I thought I’d share my Japanese learning tool kit, or how you can end up spending about an hour every day studying Japanese without having to think too much about it!

  • From the very start, when you even can’t tell apart your good-days from good-evenings, this audio and video lesson site is indispensable: https://www.japanesepod101.com/. They go from absolute beginner classes, all the way up to intermediate. The site has hours and hours of audio and video content, structured in short, 10-15 minute lessons, each focusing on a little bit of listening, little vocab, and a tiny bit of grammar. I’ve been using this site for three years now and there is still so much material to go through. I’m paying for the “Basic” account and finding it to be sufficient.
  • Reading is the second thing you can start practicing from day zero – hiragana and katakana are the two alphabets that will come handy in no time. Both consist of 46 base symbols, and learning it feels like cracking a code – suddenly you can read some words in Japanese, and it feels very rewarding. I used the tofugu hiragana guide https://www.tofugu.com/japanese/learn-hiragana/ and learned about 5 characters a day. Being in no rush, I started to feel somewhat comfortable reading in both in about a month (being able to read, and being able to read fast is, of course, an entirely different matter)! I also coded up this little practice game http://tomstriker.org/kana/ as the tofugu guide links to a rather poor version of that game.
  • After you have somewhat mastered hiragana, it’s time to go to the next level – kanji! https://www.wanikani.com/ is an online site where they teach you kanji and vocab at your pace. It works like this – first they show you a few kanji and explain how to read, memorise, and pronounce them. Then, during review, the site asks you for the English meaning, and it also asks you for the Japanese pronunciation. The review for each kanji goes in intervals – first it will ask you to review the kanji in a few hours, then after a day, then after a few days, a week, and so on (it’s called “spaced repetition system” and it works rather well https://ncase.me/remember/). This is where I spend about 20 minutes twice a day. While sometimes it’s bit hard, once you get the grip of it, it can be fun – like playing one of those candy crush games. While there is no official app, I’ve found that the site works perfectly fine on the mobile as well.
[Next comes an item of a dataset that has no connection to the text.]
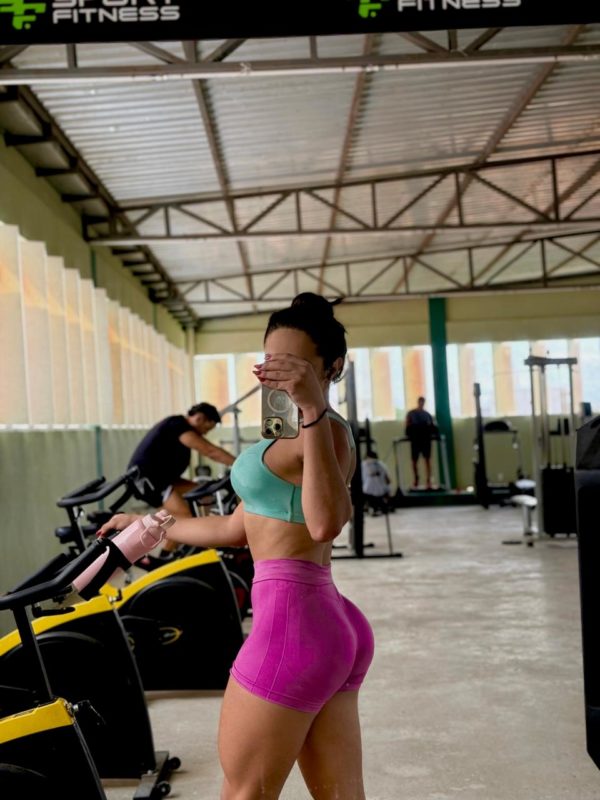 Larissa Santos 25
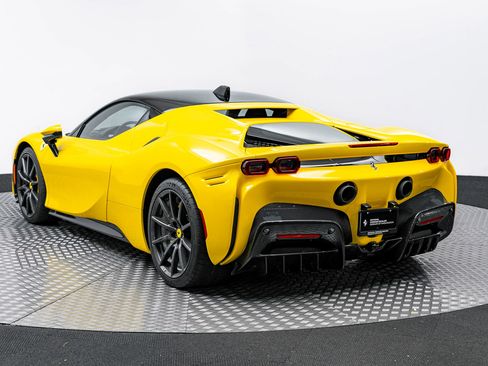 Certified 2022 Ferrari SF90 Stradale image 2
The kanji are split in 60 levels, and my personal pace is about 15 days per level. You might find yourself going faster or slower, but the speed is not the important bit here – turning it into a habit is.
  • While for me the next step happened 18 month later, there is no need to wait so long (I just didn’t know about it) – the next step is a face-to-face meetup with fellow learners and, most importantly, native speakers! Getting you all chitty-chatty will boost your confidence, validate your skill and it takes just a few times to get the grip of “hello” and “look at that cloud” and “isn’t this delicious?” and, frankly, that’s like 90% of what people talk about anyway, so, congrats, now you are a solid beginner, and it’s tons of fun.
  • The next tool in the kit for me is an affordable online tutorship. https://www.verbling.com/ is a site that pairs tutors with students. These are qualified teachers, and a 1-on-1 one hour lesson costs roughly 13-17 pounds. You are in full control the schedule, you don’t have to commute anywhere, and you have a wide range of tutors to pick from to find your best match. While I do the 1-on-1 lessons twice a week, even once a week is more than enough. That then comes together to something like 60 pounds a month – not cheap, but hey, you are getting good fast!
  • Another very useful tool, and this one’s a phone app and it’s free(!), is https://www.tandem.net/. It’s a language exchange app that matches native speakers of different languages, and you can practice, both, writing, and speaking. It takes a while to find good matches (the beginning is especially slow as you just keep reaching out to people and nobody’s responding), but after a while you should find a good match. I speak with two Japanese natives about an hour a week (so a total of 2 hours of focused, lightweight discussion). We go back and forth between English and Japanese without stressing too much about structure – the point is to have a good time and learn something new while doing it.
  • On top of doing all of the above (and having a blast), at some point you should consider levelling up once more and bite that bullet of trying to actually understand larger portions of written Japanese text. I’ve found this site to be super useful: https://reajer.weebly.com/. With different skill levels to choose from, Reajer offers relatively small fragments of text, split into paragraphs, with added annotations and translations. The beginnings are tough, but cracking that code feels very rewarding.
  • Finally, with all of the above going full steam, you might want to reinforce your understanding of the structure of the language. Grammar always sounds scary and finding the best way to think about a specific aspect of Japanese can take some time and googling, but there is one site that has done all the legwork so you don’t have to: https://www.bunpro.jp/. Bunpro is yet another spaced repetition system site. The interface is still rough around the edges, but the best part is that each grammar point comes with lots of example sentences, there is “further reading” section that points to established study resources on the web, and there is a “cram” mode where you can flex your grammar muscles till you have nailed them. I used this site to review all the grammar I’d need to even attempt the N3 test and it was very helpful. I’ve decided to skip this year’s JLPT, but I’ve all intentions to keep using this site to better my understanding.